Rafael Torres – El colapso institucional


MADRID, 24 (OTR/PRESS)

Las instituciones españolas parecen haber entrado, por efecto de la carcoma de la corrupción, en esa fase que los americanos llaman «colapso», y que nosotros, para quienes un colapso era un grave y súbito alifafe que le podía dar a uno, no tenemos más remedio que llamar también así. Sobre la mayoría de las instituciones, y no digamos de las políticas y de las más sujetas al control gubernamental, recaen algo más que sospechas relativas a toda clase de mangoneos, chanchullos e indignidades, y tanto es así que prácticamente cada cosa hay que llevarla a los tribunales, que hacen lo que pueden, con pocos recursos y lentitud exasperante, pese a la escasa colaboración de la Fiscalía, otra institución que se las trae.
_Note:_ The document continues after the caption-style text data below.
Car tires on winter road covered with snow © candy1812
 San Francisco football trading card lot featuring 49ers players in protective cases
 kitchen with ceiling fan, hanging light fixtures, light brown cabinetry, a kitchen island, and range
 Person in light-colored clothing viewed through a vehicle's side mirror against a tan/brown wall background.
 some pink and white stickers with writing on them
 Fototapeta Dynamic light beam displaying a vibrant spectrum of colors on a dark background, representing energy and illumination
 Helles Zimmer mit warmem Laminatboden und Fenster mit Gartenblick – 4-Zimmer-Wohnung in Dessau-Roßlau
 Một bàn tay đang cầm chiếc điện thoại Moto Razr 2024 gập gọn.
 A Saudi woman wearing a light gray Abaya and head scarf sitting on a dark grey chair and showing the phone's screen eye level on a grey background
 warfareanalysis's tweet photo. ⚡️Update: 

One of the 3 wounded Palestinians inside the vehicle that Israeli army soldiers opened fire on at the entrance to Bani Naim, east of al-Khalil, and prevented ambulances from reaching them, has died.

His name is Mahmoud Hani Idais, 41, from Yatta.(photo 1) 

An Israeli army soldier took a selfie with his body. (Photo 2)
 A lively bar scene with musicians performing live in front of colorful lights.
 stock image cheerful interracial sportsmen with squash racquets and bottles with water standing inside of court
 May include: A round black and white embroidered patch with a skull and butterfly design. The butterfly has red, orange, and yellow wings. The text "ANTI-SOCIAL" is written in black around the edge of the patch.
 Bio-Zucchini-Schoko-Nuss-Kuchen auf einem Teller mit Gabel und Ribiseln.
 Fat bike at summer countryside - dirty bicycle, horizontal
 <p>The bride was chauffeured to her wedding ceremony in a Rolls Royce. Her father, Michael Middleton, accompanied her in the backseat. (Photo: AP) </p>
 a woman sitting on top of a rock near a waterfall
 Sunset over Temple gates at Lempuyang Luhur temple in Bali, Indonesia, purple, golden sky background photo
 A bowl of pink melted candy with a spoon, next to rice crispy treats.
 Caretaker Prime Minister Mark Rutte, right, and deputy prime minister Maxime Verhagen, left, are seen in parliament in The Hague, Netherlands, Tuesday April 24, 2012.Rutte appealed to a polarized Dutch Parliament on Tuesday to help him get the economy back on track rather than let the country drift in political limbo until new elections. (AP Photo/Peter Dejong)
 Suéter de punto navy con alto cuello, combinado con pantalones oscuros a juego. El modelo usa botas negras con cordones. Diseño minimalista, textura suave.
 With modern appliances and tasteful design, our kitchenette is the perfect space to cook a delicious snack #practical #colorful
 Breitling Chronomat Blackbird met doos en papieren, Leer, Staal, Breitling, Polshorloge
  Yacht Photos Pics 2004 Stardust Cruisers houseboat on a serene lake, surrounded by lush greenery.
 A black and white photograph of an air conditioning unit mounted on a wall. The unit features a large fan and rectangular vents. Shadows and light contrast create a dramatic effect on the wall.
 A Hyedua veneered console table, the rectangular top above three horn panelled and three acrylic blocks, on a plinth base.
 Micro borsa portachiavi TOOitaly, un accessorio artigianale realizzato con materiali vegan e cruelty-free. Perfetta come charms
Esa brutal judicialización de la política y de la vida española desvela, de entrada, lo mucho que se delinque en los aledaños de la política y del Estado, pero también que no han existido ni existen los mecanismos de control «civiles», democráticos, que actúen de manera preventiva contra los delitos de gentes y de lesa patria, que no de otra clase de delito es, en el fondo, la corrupción. El ciudadano, empobrecido por la extensión y la envergadura de ese delito, que se dio y se sigue dando en casi todos los ámbitos por acción u omisión, no tiene otro sitio donde acudir en busca de socorro y amparo que al juzgado, y esa sola circunstancia, agravada por el hecho de que la Justicia ni está al alcance de todos ni es igual para todos, marca la extrema gravedad de ese «colapso», del daño acaso irreversible que está produciendo a la nación.
Con un Gobierno dedicado a crear y a agravar problemas y no a solucionarlos, fuente él mismo de la situación de atropello y de inseguridad jurídica que sufren los ciudadanos, diríase que el único reducto reconocible de civilidad y autoridad moral es el de los jueces, a su vez desamparados en un sistema incapaz de regirse desde los principios del bien común y la sensatez. Todo, desde un conflicto vecinal hasta las estafas bancarias, acaba en los jueces. ¿Para qué, entonces, el resto del caro aparato institucional?